Mr. Conaway was administrator when Mr. Cole’s father and mother were on council.

“I had the pleasure serving with George’s mom and dad,” said Mr. Conaway. “I had the pleasure of serving 12 years with the Coles. We look at your career George, and I will tell you the Cole family is to be commended. I don’t know if we’ll ever see anybody in a family, that will serve 44 years. We’re going to miss you. You were consistent, not always right, but consistent.”

Mr. Stickels said he plans to save his juicy stories for the George Cole tribute/roast.

‘I’m not going to tell everything I know. You should buy tickets if you want to know …,” said Mr. Stickels. “January 30, I am telling it all.”

County Attorney J. Everett Moore worked with Mr.
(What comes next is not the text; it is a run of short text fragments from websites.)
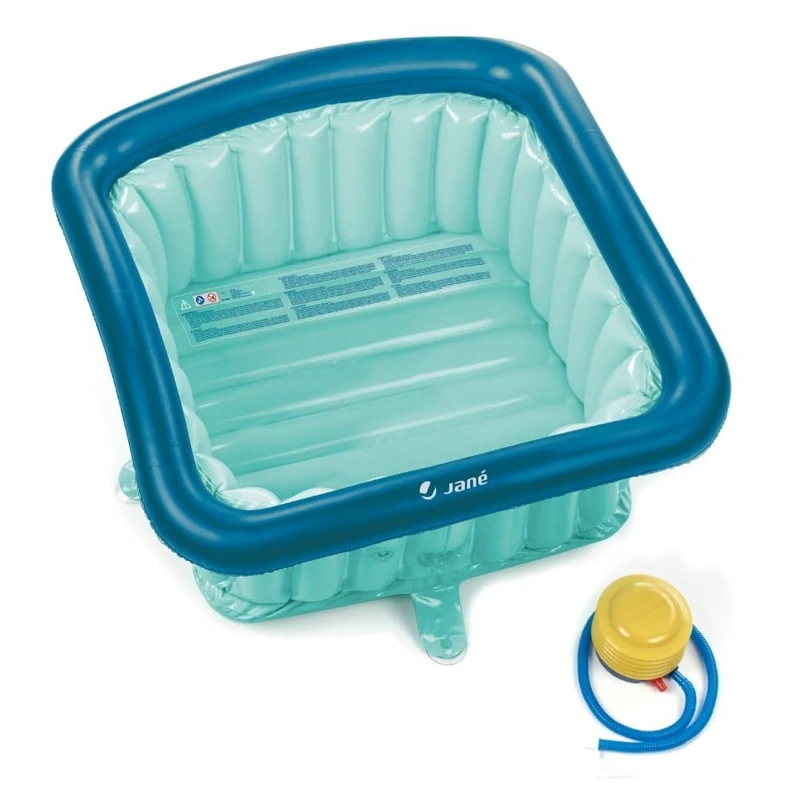 Jané Reducer for Shower Tray 60 x 60 cm, Inflatable 70 litres, Includes Inflator, with Suction Cups and Drain Plug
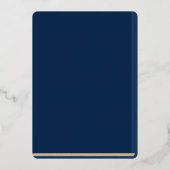 Elegant Vintage Floral Library Book Wedding 箔招待状 (裏面)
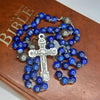 CHAPELET LAURENÇON en Lapis-Lazuli et Labradorite (Perles N°27 et N°13) "LE LABRIZULIS"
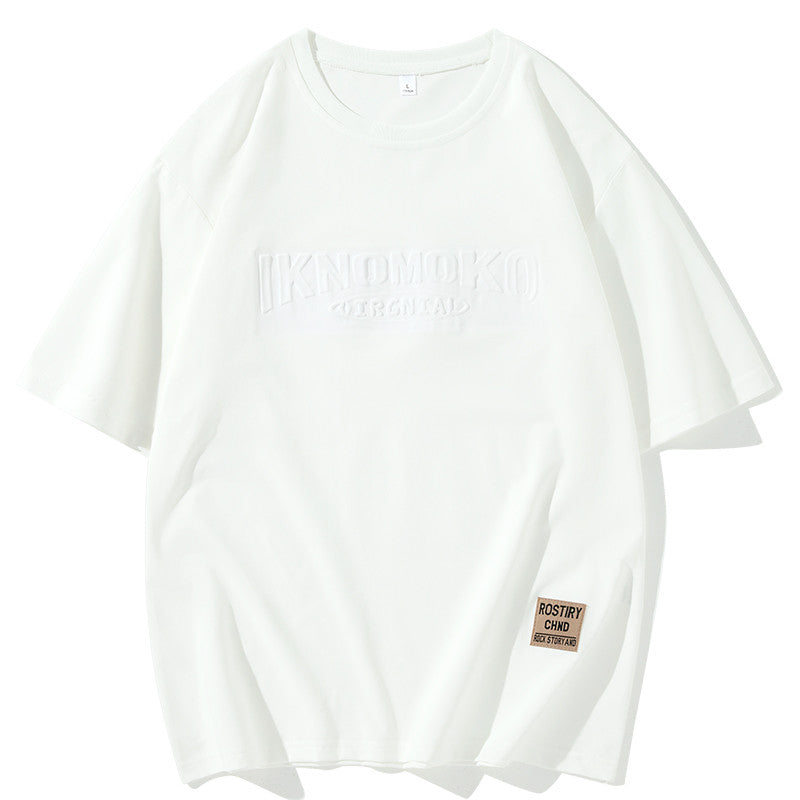 M-8XL Verano Talla Grande Manga Corta Coreano Casual Cuello Redondo Estampado 3D T-Medaka St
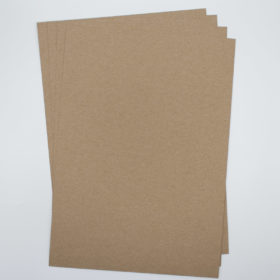 Kraftpapier Muskat braun DIY Karten basteln und Handlettering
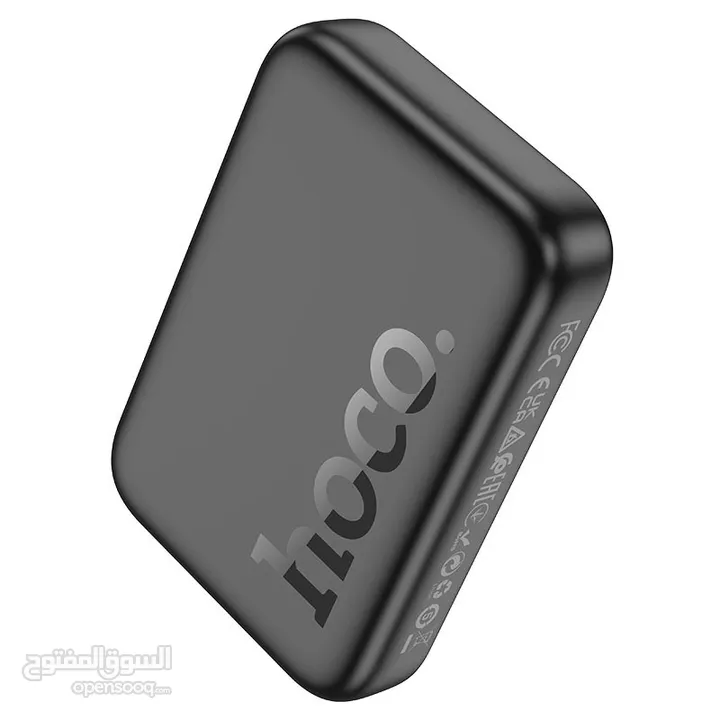 Hoco PowerBank MagSafe 10000 mAh  باوربانك وايرلس ماج سيف يدعم الشحن السريع  من شركة هوكو فقط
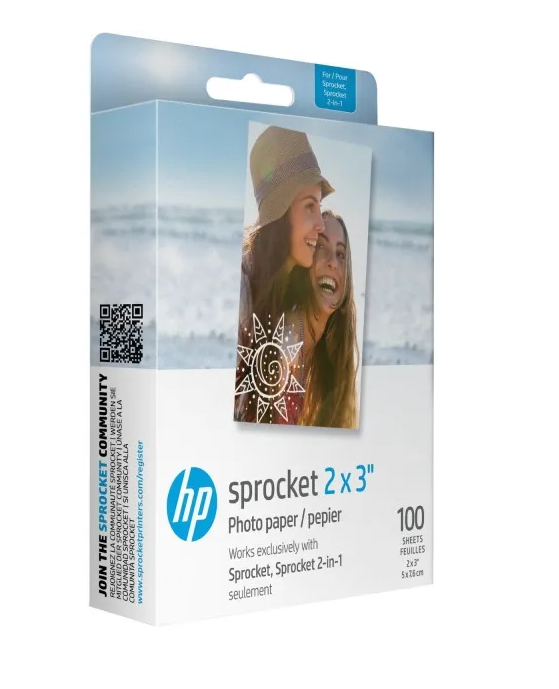 Фото-папір HP Zink для Sprocket 2x3, glossy, self-adhesive, 100sh - зображення 1
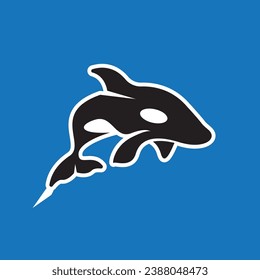 Orca icon and symbol vector template illustration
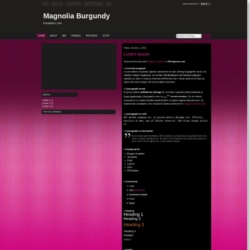 Magnolia Burgundy Blogger Template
Cole for several decades, as well as on his successful election campaign in 1986.

“It has been great working with you. You have stayed firm in your beliefs,” said Mr. Moore. “The great thing that a lot of people don’t know about you is you will fight tooth and nail in here for views and what you want, but once you walk out of the room, you’re still friends with everyone. You understand the difference between friendship and personal issues.”

Mr. Moore thanked Mr. Arlett for his service. “I like your conservative views,” Mr. Moore said.

Former county councilman Lynn Rogers, who was part of the Democrats’ most recent majority, kiddingly said was his time on council “was best 12 years” of Mr. Cole’s life.

“We went through good times, bad times and fun times,” said Mr. Rogers. “I will save my other comments for the 30th.”